▶ The task:
Every record below should be copied exactly, with the pictures left out.

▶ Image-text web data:

*** Begin section ***

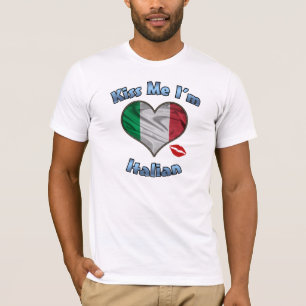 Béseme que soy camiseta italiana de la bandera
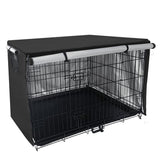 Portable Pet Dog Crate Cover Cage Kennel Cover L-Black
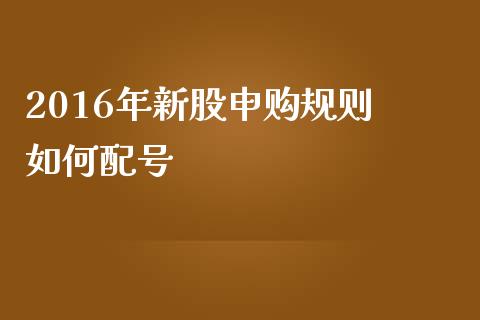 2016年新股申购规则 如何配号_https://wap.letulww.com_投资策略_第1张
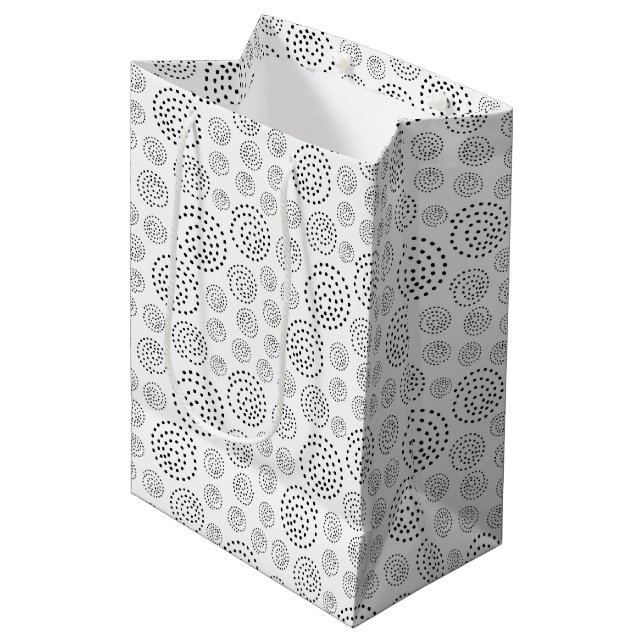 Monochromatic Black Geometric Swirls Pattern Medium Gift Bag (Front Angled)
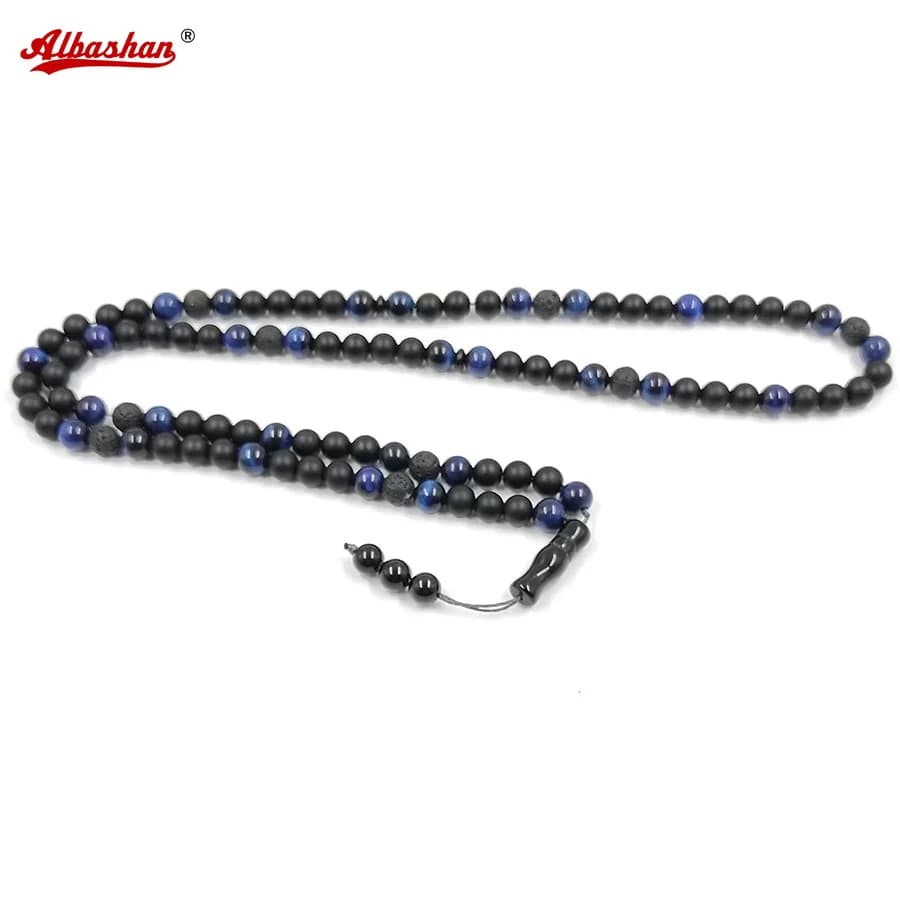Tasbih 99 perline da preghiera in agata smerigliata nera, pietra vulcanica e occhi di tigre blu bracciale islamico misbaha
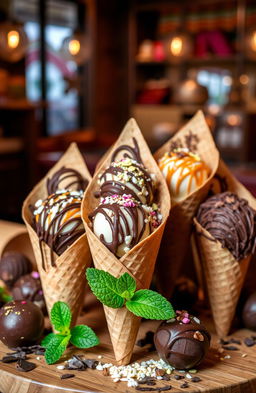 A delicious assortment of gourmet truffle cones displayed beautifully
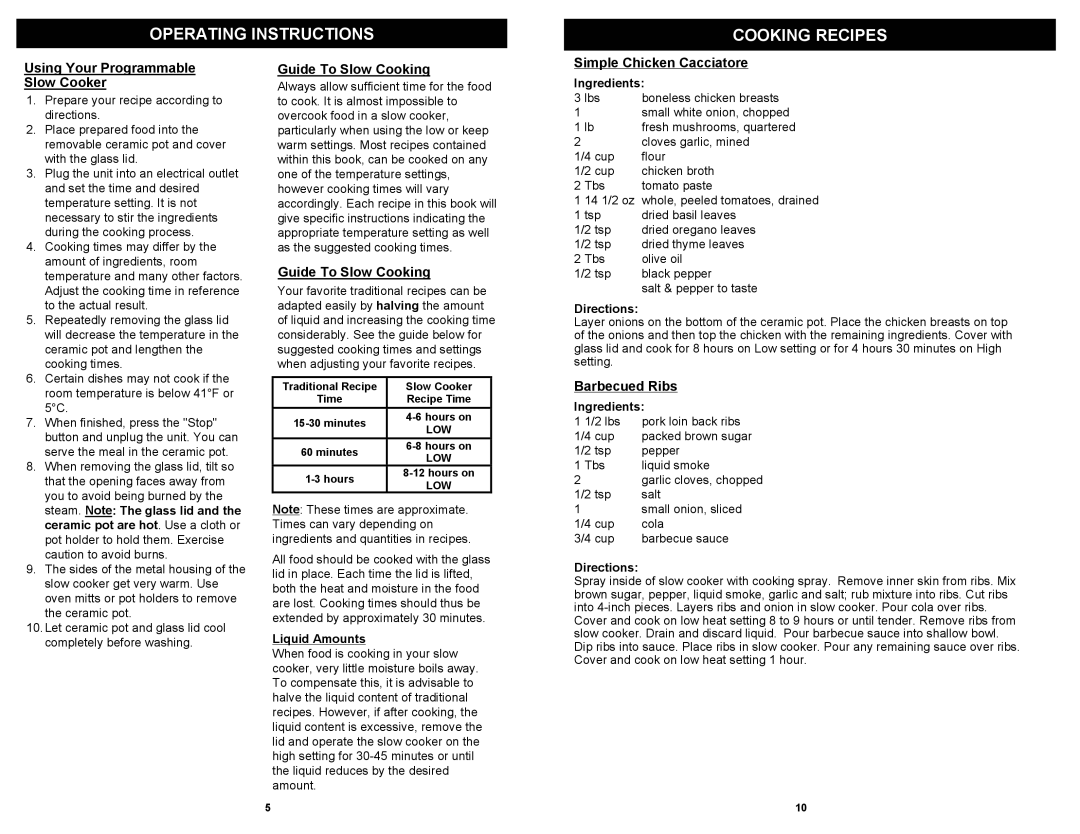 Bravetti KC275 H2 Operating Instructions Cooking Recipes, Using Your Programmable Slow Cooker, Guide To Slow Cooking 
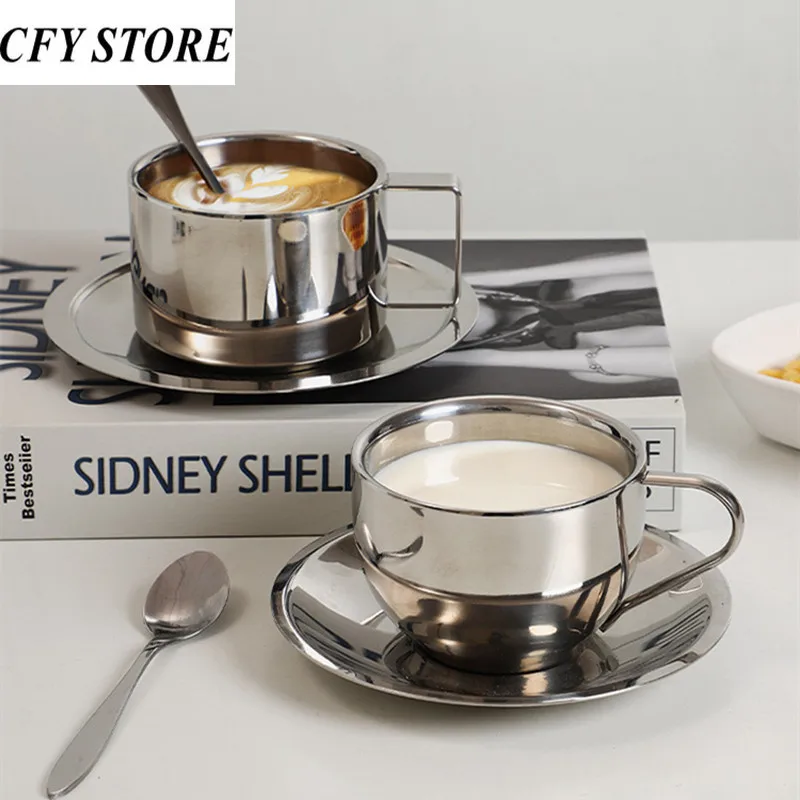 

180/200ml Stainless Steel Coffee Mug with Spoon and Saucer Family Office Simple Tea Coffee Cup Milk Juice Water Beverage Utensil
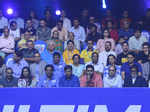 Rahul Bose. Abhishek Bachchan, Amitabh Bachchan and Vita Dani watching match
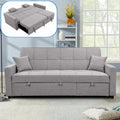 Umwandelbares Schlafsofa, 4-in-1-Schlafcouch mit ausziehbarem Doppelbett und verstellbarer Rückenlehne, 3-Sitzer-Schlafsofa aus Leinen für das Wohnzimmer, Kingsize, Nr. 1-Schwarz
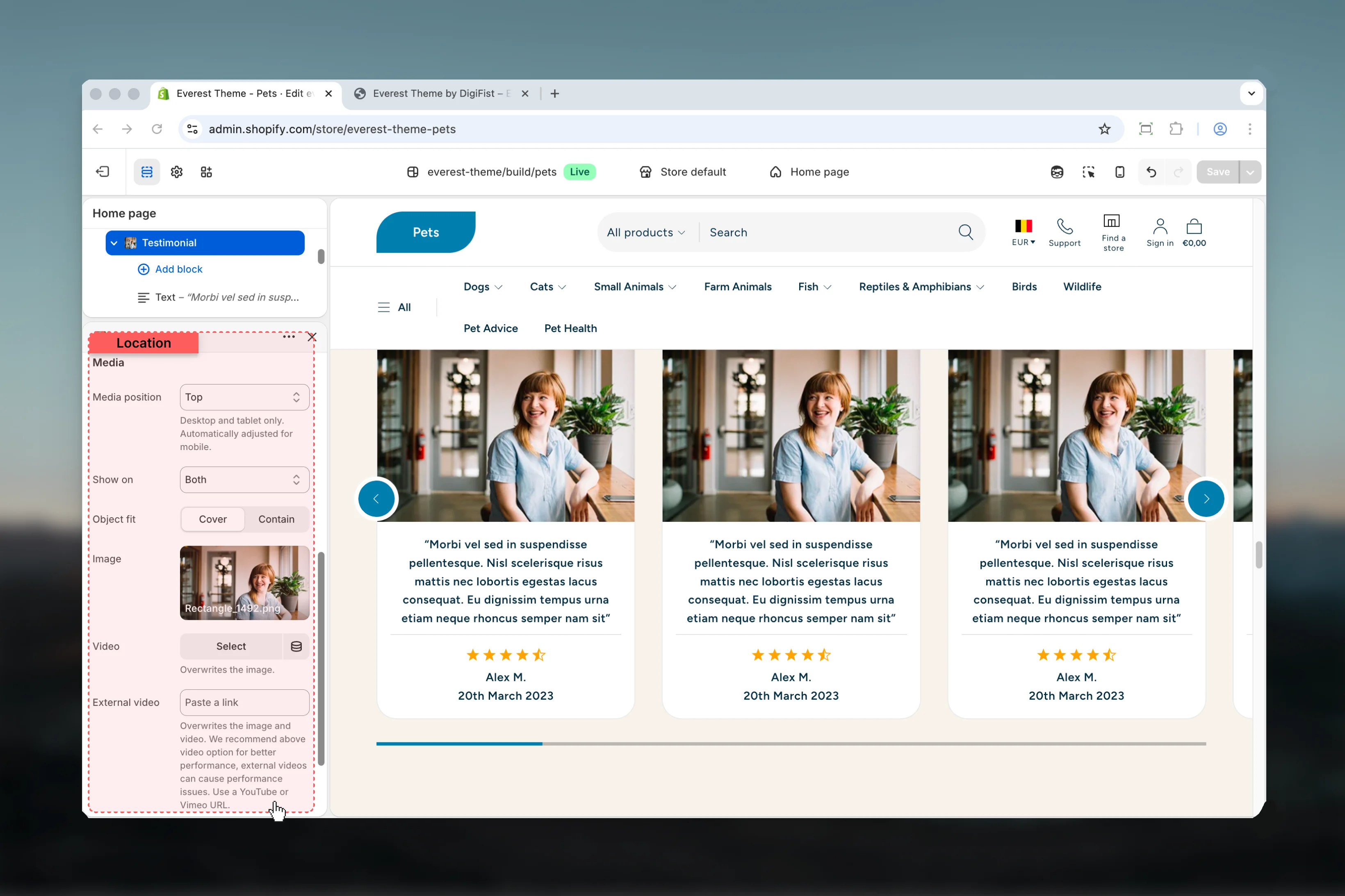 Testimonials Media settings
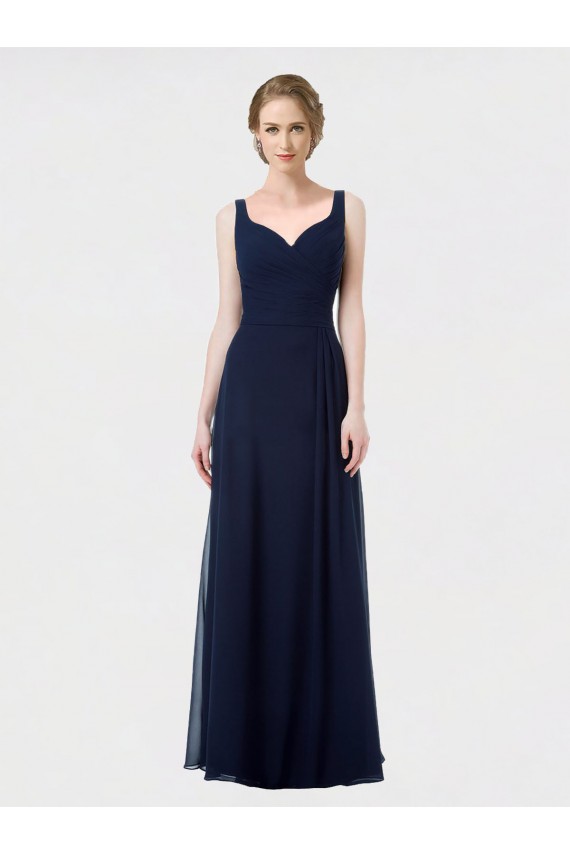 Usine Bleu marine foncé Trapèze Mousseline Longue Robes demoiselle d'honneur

*** End section ***

▶ Task response:
 Béseme que soy camiseta italiana de la bandera
 Portable Pet Dog Crate Cover Cage Kennel Cover L-Black
 2016年新股申购规则 如何配号_https://wap.letulww.com_投资策略_第1张
 Monochromatic Black Geometric Swirls Pattern Medium Gift Bag (Front Angled)
Tasbih 99 perline da preghiera in agata smerigliata nera, pietra vulcanica e occhi di tigre blu bracciale islamico misbaha
 A delicious assortment of gourmet truffle cones displayed beautifully
 Bravetti KC275 H2 Operating Instructions Cooking Recipes, Using Your Programmable Slow Cooker, Guide To Slow Cooking 

180/200ml Stainless Steel Coffee Mug with Spoon and Saucer Family Office Simple Tea Coffee Cup Milk Juice Water Beverage Utensil
 Rahul Bose. Abhishek Bachchan, Amitabh Bachchan and Vita Dani watching match
 Umwandelbares Schlafsofa, 4-in-1-Schlafcouch mit ausziehbarem Doppelbett und verstellbarer Rückenlehne, 3-Sitzer-Schlafsofa aus Leinen für das Wohnzimmer, Kingsize, Nr. 1-Schwarz
 Testimonials Media settings
 Usine Bleu marine foncé Trapèze Mousseline Longue Robes demoiselle d'honneur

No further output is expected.